Raised by California hippies, Adam Gadahn’s message clicked with TikTok teens because he used to be one of them. After experimenting with heavy metal to rebel against his dad’s terrible folk music (“So tell us what the sign will be/Of the end of the age we know/War and famine everywhere/There’s no place left to go” he went for the ultimate in death metal.
We love nothing more than “slitting the throats of the infidels” he bragged in his videos in a fake Arabic accent right out of ‘Team America World Police’. “You and your people will, Allah willing, experience things, which will make you forget all about the horrors of September 11.”
Al Qaeda embraced the previously useless hipster because he promised to teach them how to reach Americans. But the ‘Azzam the American’ experiment never took off. Even after he stopped wearing a burka-like disguise over his square wire-rimmed glasses, and wound a tablecloth around his head instead, he never stopped looking like a dork in a costume.

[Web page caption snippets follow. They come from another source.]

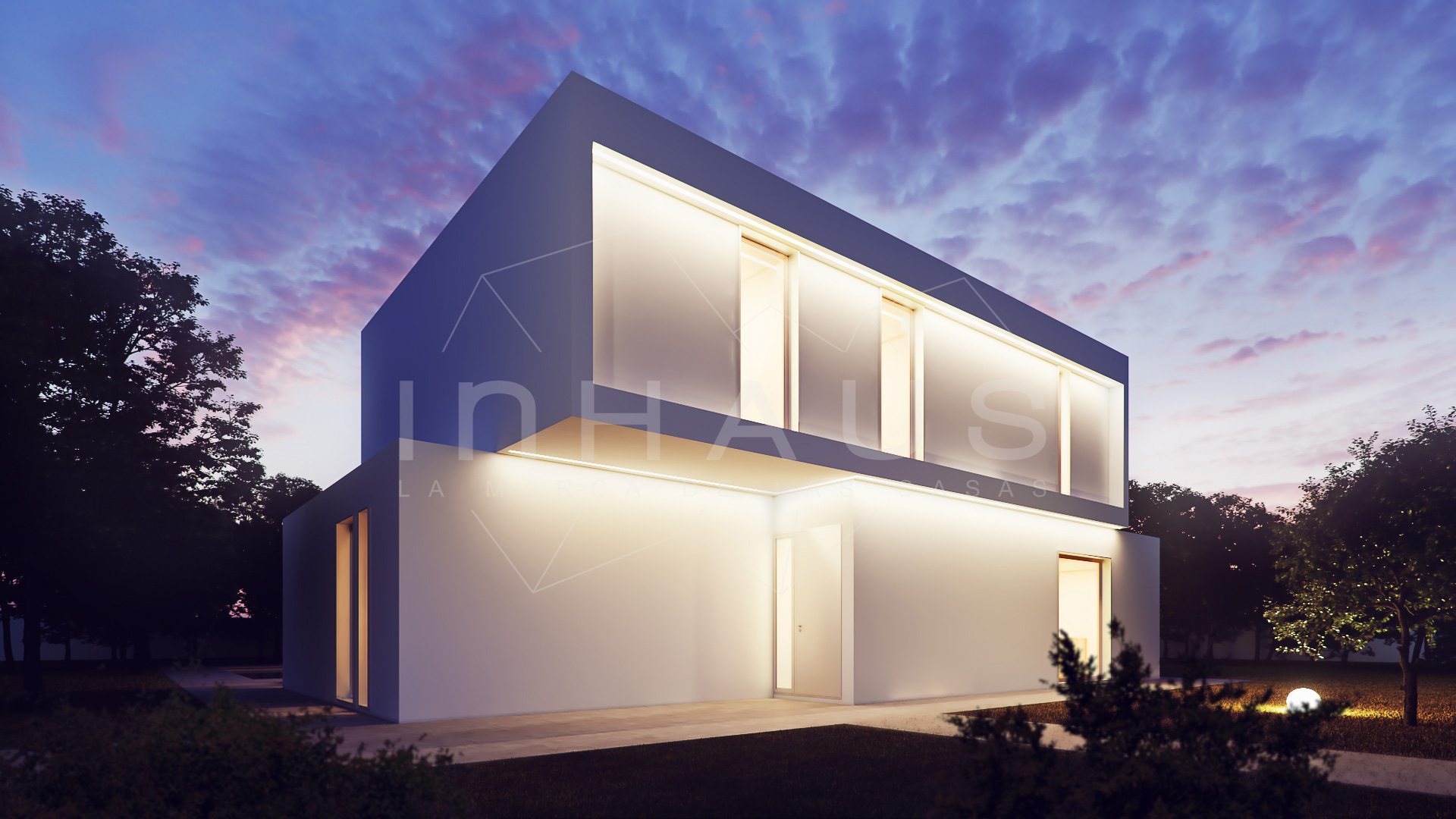 Casa prefabricada Lugo de inHAUS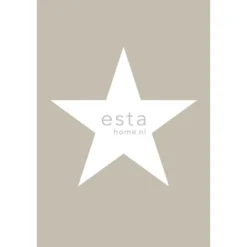 Kuvatapetti PhotowallXL Star 158706 1860x2790 mm, beige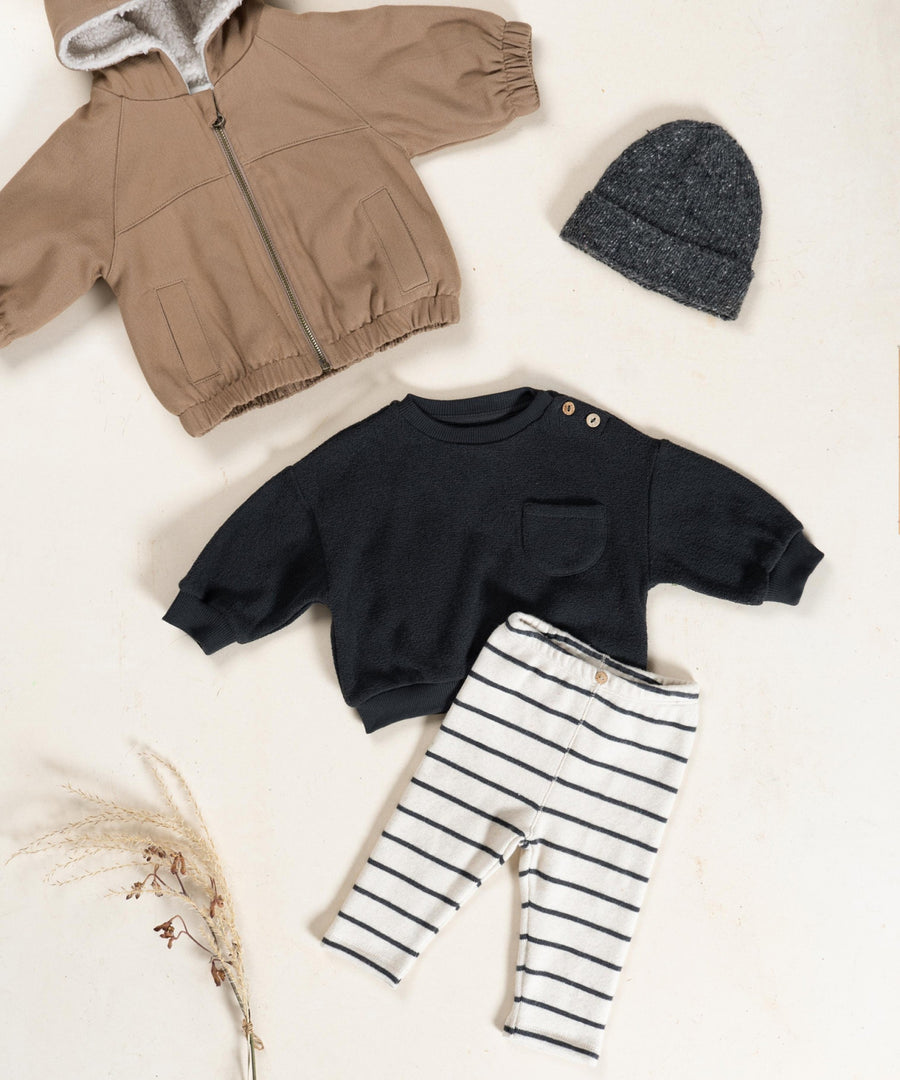 Waterproof Jacket with Furry Lining - Cocoa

Adam never belonged in Pakistan, he belonged in ‘Fast Times at Ridgemont High’ or ‘Napoleon Dynamite’: his blank thousand-yard stare had been perfected by getting high, not in Koran study.
Americans did not rush to enlist in Al Qaeda because of his words. Adam had aimed his rhetoric at the Michael Moore demographic that had birthed him, but it was one thing to jeer Bush in between Starbucks lattes and another to move to a cave on the Pakistani border.
The videos mostly tapered off and he was reduced to translating the speeches of Al Qaeda leaders. After Osama bin Laden’s death, Americans stopped paying attention to Al Qaeda, and Adam’s death in a drone strike took second billing to the deaths of two American hostages.
But Adam or Azzam had been ahead of his time. He had peaked before the age of social media, and he never reached the audience he needed. But that’s changing now.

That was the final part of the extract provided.